=== Begin Enclosure ===

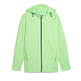 Puma EVOSTRIPE Full-Zip Hoodie DK "Spring Fern"
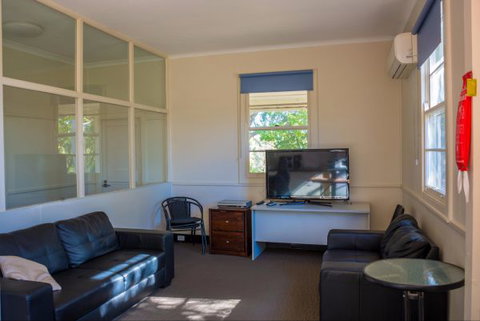 Sydney Olympic Park Lodge - Holiday Adelaide 6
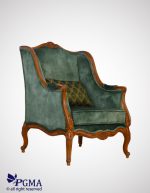 خرید مبل کلاسیک پارما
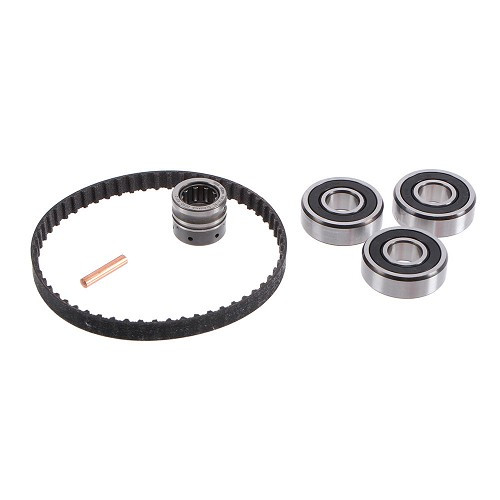     
                
                
    Bearings and belt for Porsche 993 igniter - RS90902
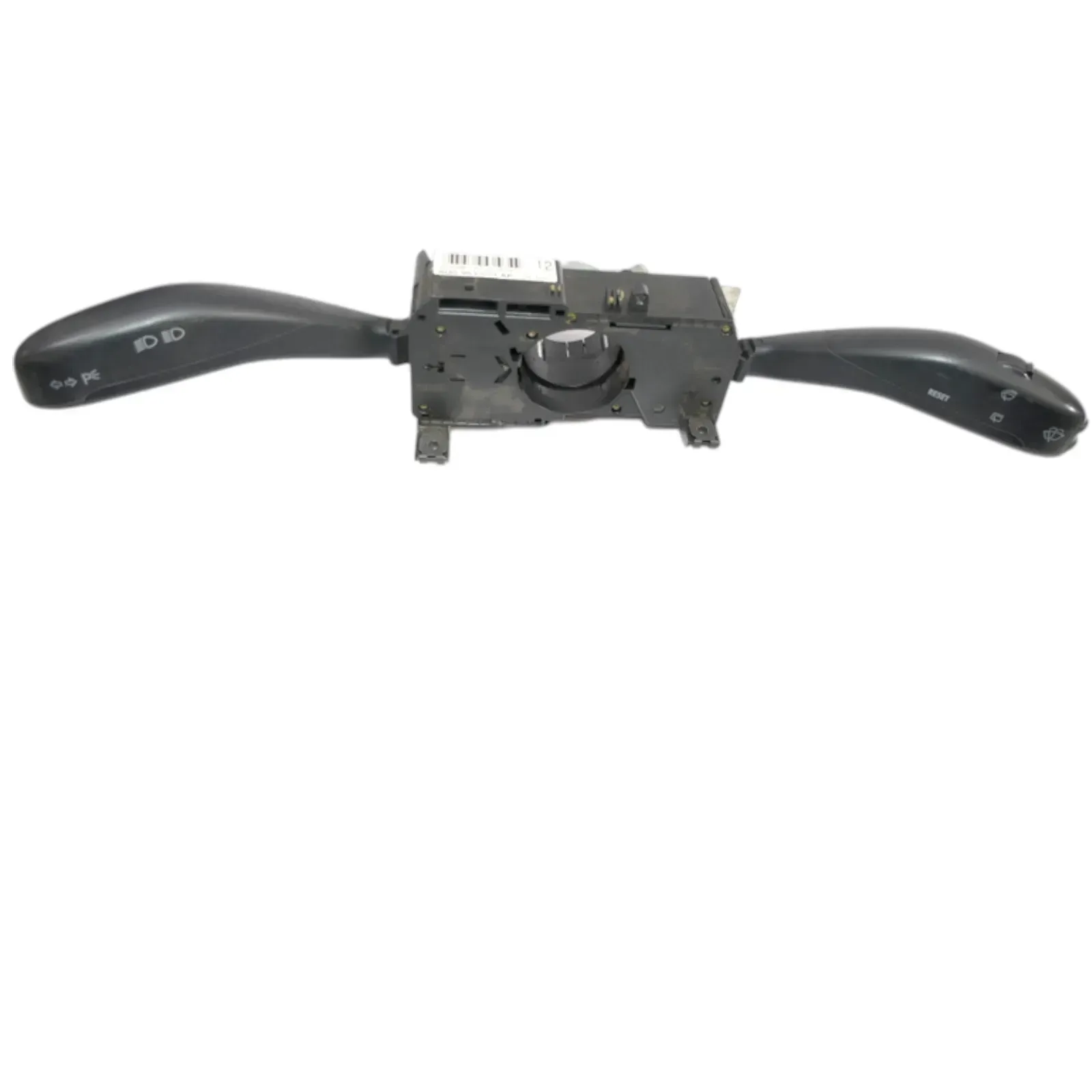 VW Polo 9N 9N3 T5 Lenkstockschalter Blinkerhebel Wischerhebel 6Q0953503AP - Bild 1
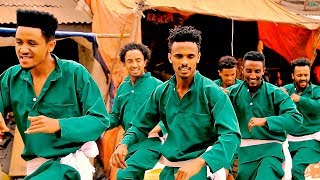 Desalegn Mersha  Betotot  በቶቶት  New Ethiopian Music 2018 Official Video [upl. by Jollanta]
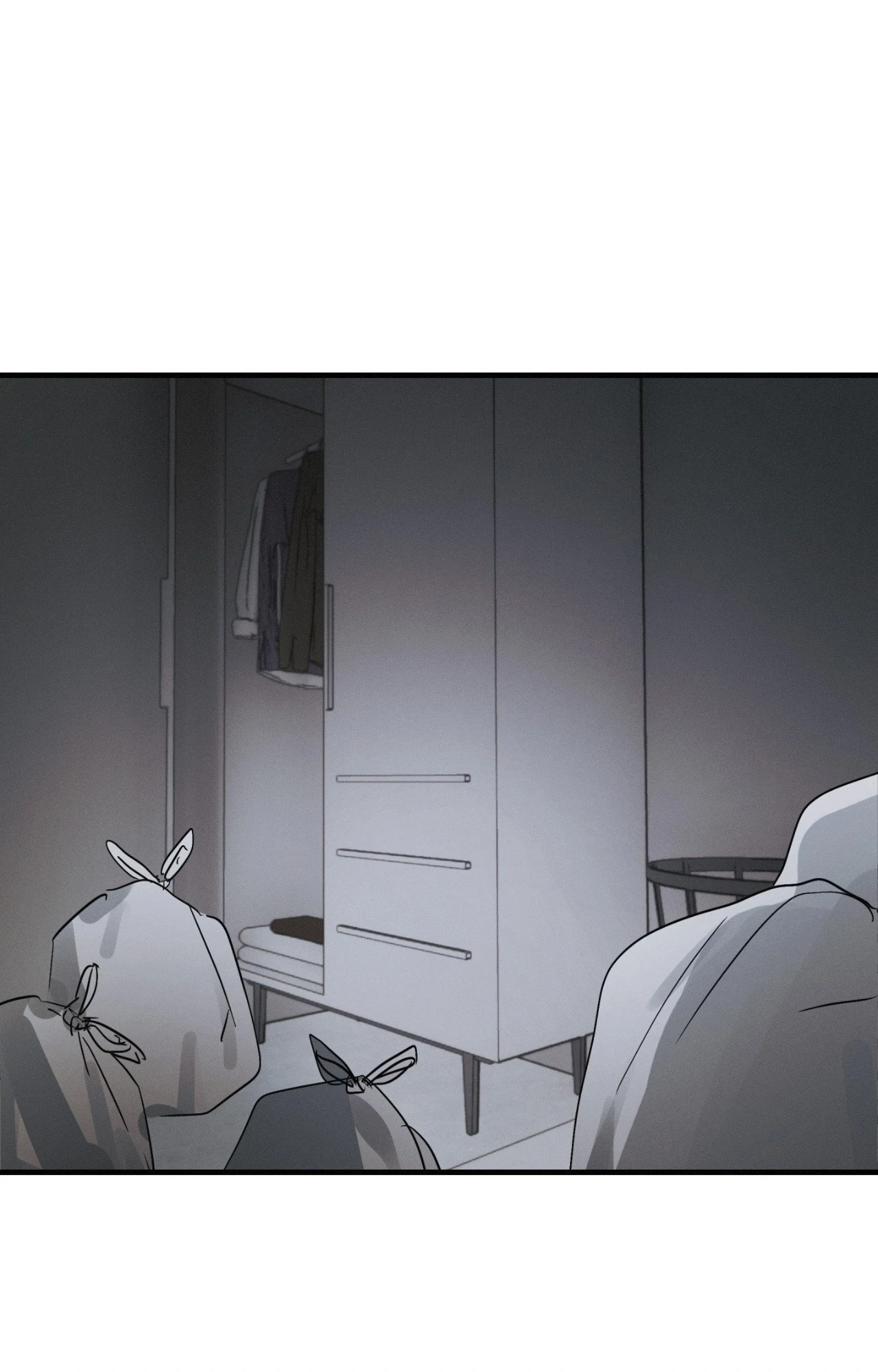 A Three-legged Hero - Side.17 - Page 1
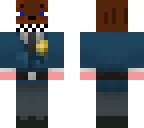 pig in fnaf 2
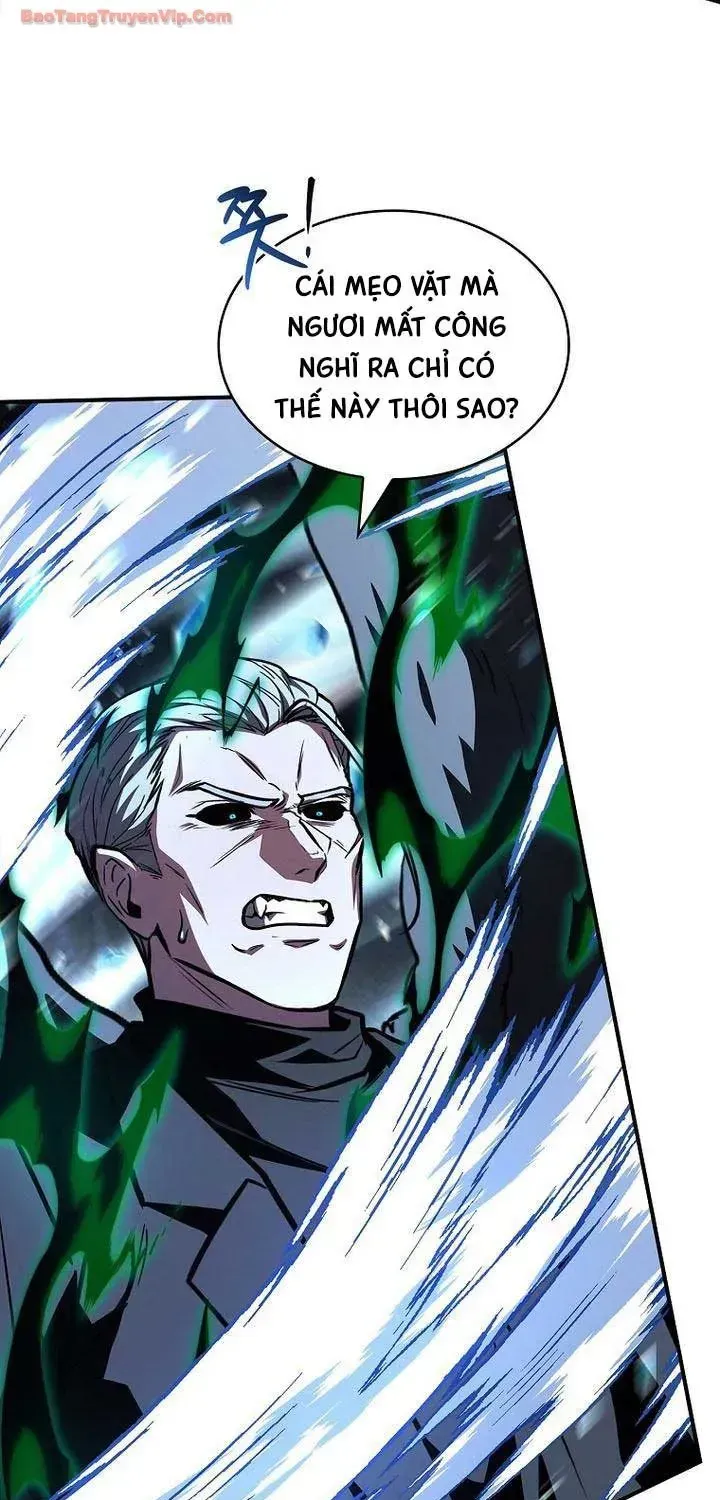 Thiên Tài Ma Pháp Sư Giấu Nghề Chap 138 - Next Chap 139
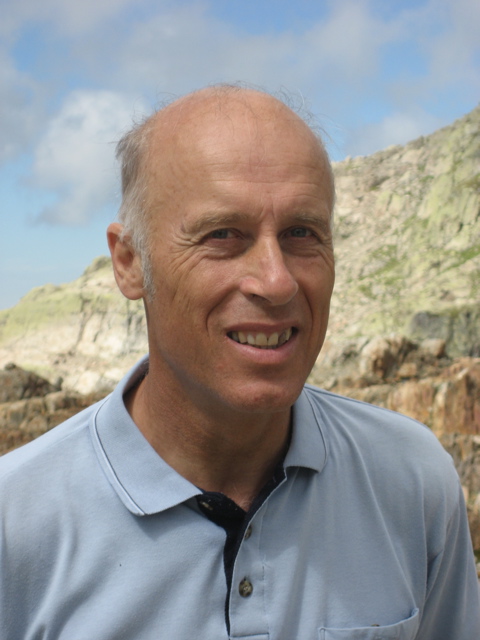 Ernst Hairer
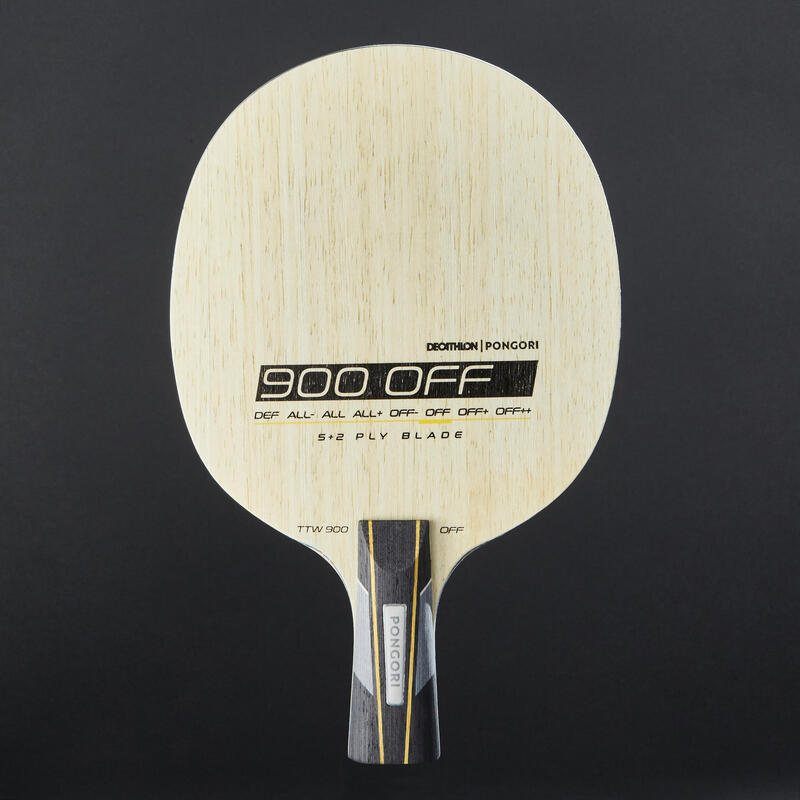 Table Tennis Blade TTW 900 Off C-Pen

=== End Enclosure ===

◆ Work to be completed
The reply should hold only the lines running from the top of the records to the line containing "VW Polo 9N 9N3", both included, copied exactly with no pictures.

◆ Expected output
 Puma EVOSTRIPE Full-Zip Hoodie DK "Spring Fern"
 Sydney Olympic Park Lodge - Holiday Adelaide 6
 خرید مبل کلاسیک پارما
                
                
    Bearings and belt for Porsche 993 igniter - RS90902
 VW Polo 9N 9N3 T5 Lenkstockschalter Blinkerhebel Wischerhebel 6Q0953503AP - Bild 1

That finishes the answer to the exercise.